Dünyalarca ücret ödenen özel okullar. Sektörün içi biraz karışık. Ne de olsa bu da bir eğitim ticareti. Peki para vererek okuttuğumuz çocuklarımızdan neler bekliyoruz? En çok hangi sektör kazandırıyor oraya yöneliyor ya da çocuğumuzu oraya yönlendiriyoruz. Hep hayallerimizde mühendis olsun, doktor olsun, hatta son zamanlarda daha az yorulsun çok para kazansın. Sahi hangi meslek grubuydu o :) Peki içi ne denli dolu bu erbabların. Nerdeee yetenekler, eğilimler? Halbuki eğitim yavaş yavaş olur sindire sindire, seve seve. Ama eğitilecek kadar zamanı var mı hayatımızın o da yeni bir tartışma konusu şu günlerde. O kadar yaşayacak mıyız? Ya yolda yürürken başımıza taş düşerse. Misal geçen gün aracımla evime doğru yokuştan yukarı çıkıyorum; inşaatın yanından geçiyorum. İnşaat yokuşta ha! Dibinden geçiyorum işte. Üzerinde kocaman yazıyoooor yazıyor; tehlike üzerinize bir şey düşebilir. Hay Allah -Bak gördün mü yazdık olacak, düşse! Peki ne yapayım önlem olarak? Ben geçmeyeyim bari. Bir kaç gün farklı yol denedikten sonra ayak alışmış ya. Giriyorsun işte yine aynı yola. Başlıyor çarpıntı. Pıt pıt. Gözünün önünden hayatın film şeridi gibi geçiyor. 

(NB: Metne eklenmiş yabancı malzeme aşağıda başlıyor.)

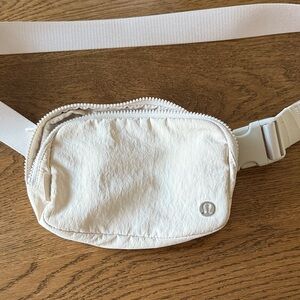 lululemon everywhere belt bag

Hani düşebilir, tehlikeli ya hani.. Tek gözünü kapatıp geçiyorsun. Hadi bugün de yırttık. Yani eğitimsiz bir inşaatçıya denk geldiniz mi vay halinize. Yahu onlar da güvenmiyor olacaklar ki yazmışlar işte kocaman. Güvenmeyin diyor yolunuzu değiştirin. Peki kime güvenelim? E, şimdi ben bu kadar güvensizlik içinde çocuğumun kendine göre keyifli bir meslek seçmesini de istiyorum. Sonra diyorum ki uyu yarın düşünürsün daha zamanın var! Güzel insan yetiştirelim yeter ki, huyu güzel, suyu güzel. Anladınız işte yahu siz. Ne demiş Theodore Roosevelt “Bir insanı ahlaken eğitmeden sadece zihnen eğitmek, topluma bir bela kazandırmak demektir. “Sonra geri dönüşü yok dostlar. -Hay Allah yumurtayı erken almışız ocaktan deyip te bir kereliğine rafadan olsun yeriz değil bu! En büyük derdimiz bu olsun yeter ki. Çocuğun aynısını bir daha yapamazsın, başa dönemezsin. Bu yüzden önce ahlak ve dahası yaşamak için değil, çalışmak için değil. Keyifle, bilinçli mutluluklar yaşayan, ahlaklı düşünebilen bir nesil.